“Iran has enough gas for domestic demand, yet may face problems with export”

Posted on November 24, 2012


Having world’s second largest gas reserves in the world, Iran has the potential to satisfy the domestic demand and at the same time export considerable amount of gas to other countries, U.S. Northeastern University Professor Kamran Dadkhah believes.

Dadkhah was commenting on how Iran would be dealing with its domestic gas consumption and exports, with the International sanctions still in full force.

He believes the sanctions have limited Iran’s export and production, bringing Qatar as a comparison.

“Iran and Qatar share gas fields in the Persian Gulf. Qatar is a small country with a population of less than two million, and yet it has successfully developed and exploited its share of the field,” Dadkhah said.

“Iran on the other hand with a population of 78 million has been unable to effectively develop its share due to international sanctions. In the meantime, population growth has increased the domestic demand for gas.”

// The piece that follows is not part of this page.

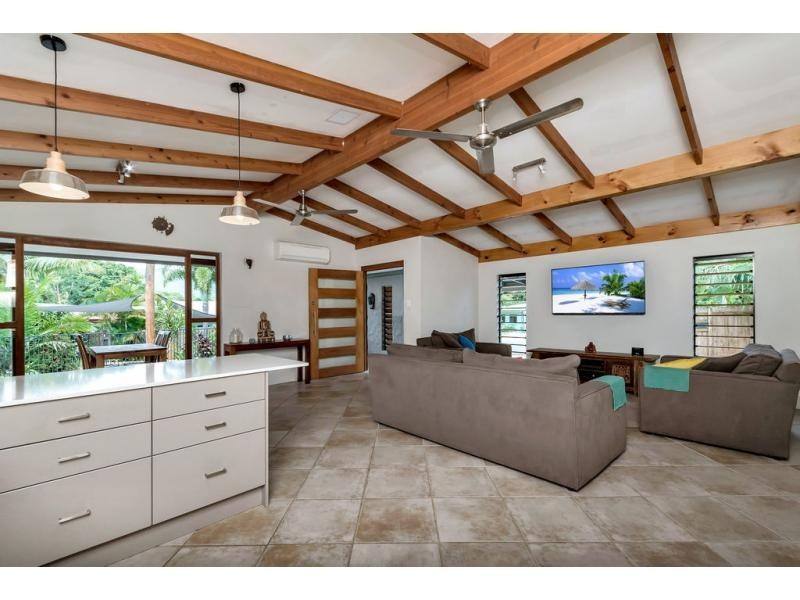 3 Kieta Close, Trinity Beach QLD 4879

The expert believes even with sanctions affecting the country’s exports, Iran would still be able to supply the country with gas, but its exports will suffer.

“It may even reduce exports to Turkey,” Dadkhah said.

Turkey imports eight million tons of oil and eight billion cubic meters of gas from Iran every year.

Speaking of Iran’s neighboring Central Asian countries, Dadkhah said that it would be of benefits for Iran to import gas from there, if necessary.

“Iran’s major gas fields are located in the south of the country while some of the large urban areas such as Tehran are located in the north and northeast,” Dadkhah said.

“Thus, a seemingly reasonable plan was to export from the southern gas fields and import gas for domestic consumption in the north and northeast from the Central Asian countries including Turkmenistan,” he added. “This would tremendously save on the transportation cost. But on the one hand international sanctions have deprived Iran from effectively developing its gas industry and utilizing its potentials.”

Several days ago Iran’s Deputy Oil Minister Jawad Owji said that Iran’s imports of gas from Turkmenistan will be increased up to 40 million of cubic meters per day in the near future from some 4-5 million cubic meters per day that the Islamic Republic was receiving about six months ago.

Iran’s Oil minister Rostam Qhasemi said on Monday that once all the phases of South Pars gas field come on stream, Iran will no longer need to import gas, adding that phases 15 and 16 of South Pars will come on stream by March 2013.

Back in October 2012, deputy director of National Iranian Gas Company Mostafa Kashkouli said that the country’s consumption will reach 600 million cubic meters per day during the winter.

On November 21, CEO of Iran’s Natural Gas Storage Company Masud Samivend said that the country plans to build a new underground natural gas storage facility that would be capable of storing some 14 billion cubic meters of gas.